Ce qui devait être une vitrine de la diplomatie sénégalaise à Bamako est devenu un véritable scandale budgétaire. Lancé avec tambour en 2014, le projet de construction d’un complexe diplomatique au Mali, comprenant l’ambassade et le consulat du Sénégal, n’a jamais vu le jour, malgré plus de 2,8 milliards FCFA déjà dépensés selon des sources.
Lancé par Mankeur Ndiaye, alors ministre des Affaires étrangères, ce projet était censé être achevé dans l’année 2014 avec un budget initial de 500 millions FCFA. Onze ans plus tard, sur le terrain de 5 000 m² acquis dans le quartier huppé de l’ACI 2000 à Bamako, seul un mur d’enceinte témoigne de l’ambition avortée.
Une succession d’échecs diplomatiques
Trois ambassadeurs se sont succédé sans poser le moindre parpaing : Assane Ndoye, Birame Mbagnick Diagne et Moustapha Ndour. Si le terrain a été acquis sous Ndoye pour 500 millions FCFA, la réalisation n’a jamais décollé, entravée par des litiges fonciers, des problèmes de signature d’architecte et des suspicions de falsification de documents.
Des entreprises comme la CDE et Sogepic se sont engagées successivement sur le chantier. La première aurait perçu 200 millions FCFA d’avance avant de se retirer. La seconde, Sogepic, a touché un virement de 175 millions FCFA via la Banque Malienne de Solidarité… sans qu’aucun chantier ne démarre.
Visa municipal controversé
En avril 2023, l’ambassadeur Moustapha Ndour obtient un “Visa n°026” de la mairie de la Commune IV de Bamako, censé permettre le démarrage effectif des travaux. Ce visa, loin d’être un soulagement administratif, s’est révélé explosif. Des documents suspects et la possible falsification de la signature de l’architecte Mactar Faye ont été évoqués. Le climat s’est alourdi, jetant le doute sur la régularité du processus.

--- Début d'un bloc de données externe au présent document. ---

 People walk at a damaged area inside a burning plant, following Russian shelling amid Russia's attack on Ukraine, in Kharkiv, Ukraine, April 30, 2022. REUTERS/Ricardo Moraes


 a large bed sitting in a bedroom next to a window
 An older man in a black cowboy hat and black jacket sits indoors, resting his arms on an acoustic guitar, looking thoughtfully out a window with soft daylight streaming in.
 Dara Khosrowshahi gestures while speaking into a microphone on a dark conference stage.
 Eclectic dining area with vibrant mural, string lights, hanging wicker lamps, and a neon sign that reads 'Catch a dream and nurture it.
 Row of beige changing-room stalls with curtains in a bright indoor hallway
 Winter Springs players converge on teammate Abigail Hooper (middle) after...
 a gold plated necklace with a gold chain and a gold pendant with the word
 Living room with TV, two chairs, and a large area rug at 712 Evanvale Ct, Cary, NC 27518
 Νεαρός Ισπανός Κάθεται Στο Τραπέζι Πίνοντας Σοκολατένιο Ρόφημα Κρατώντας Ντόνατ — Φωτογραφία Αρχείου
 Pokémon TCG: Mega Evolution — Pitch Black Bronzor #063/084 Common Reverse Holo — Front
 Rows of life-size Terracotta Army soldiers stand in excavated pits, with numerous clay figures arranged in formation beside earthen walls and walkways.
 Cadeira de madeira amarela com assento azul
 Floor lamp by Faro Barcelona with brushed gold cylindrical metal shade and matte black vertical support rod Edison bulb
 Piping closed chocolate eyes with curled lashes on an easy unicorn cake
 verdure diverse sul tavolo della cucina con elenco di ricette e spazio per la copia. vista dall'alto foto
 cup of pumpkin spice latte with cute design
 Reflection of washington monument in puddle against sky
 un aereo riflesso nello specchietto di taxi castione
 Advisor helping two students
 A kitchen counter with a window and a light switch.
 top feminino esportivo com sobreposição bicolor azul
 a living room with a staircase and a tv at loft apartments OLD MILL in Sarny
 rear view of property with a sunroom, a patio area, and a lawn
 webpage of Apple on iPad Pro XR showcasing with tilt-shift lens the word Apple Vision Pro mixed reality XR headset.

Rapport d’inspection bouclé, le dossier entre les mains de Sonko
Aujourd’hui, l’affaire a pris un tournant politique majeur. Selon Confidentiel Afrique, le rapport d’inspection des services du ministère des Affaires étrangères sur ce dossier a été transmis au Premier ministre Ousmane Sonko. Il met en lumière des dépenses injustifiées, des détournements présumés et un grave dysfonctionnement dans l’exécution budgétaire du projet.
Des voix s’élèvent désormais au sein du ministère pour dénoncer une véritable « prédation diplomatique » orchestrée sous le régime précédent. Selon des sources internes, le président Diomaye Faye a été informé et des sanctions sont à l’étude, tandis que Moustapha Ndour, initialement affecté en Allemagne, aurait été maintenu provisoirement à Bamako dans l’attente de vérifications finales.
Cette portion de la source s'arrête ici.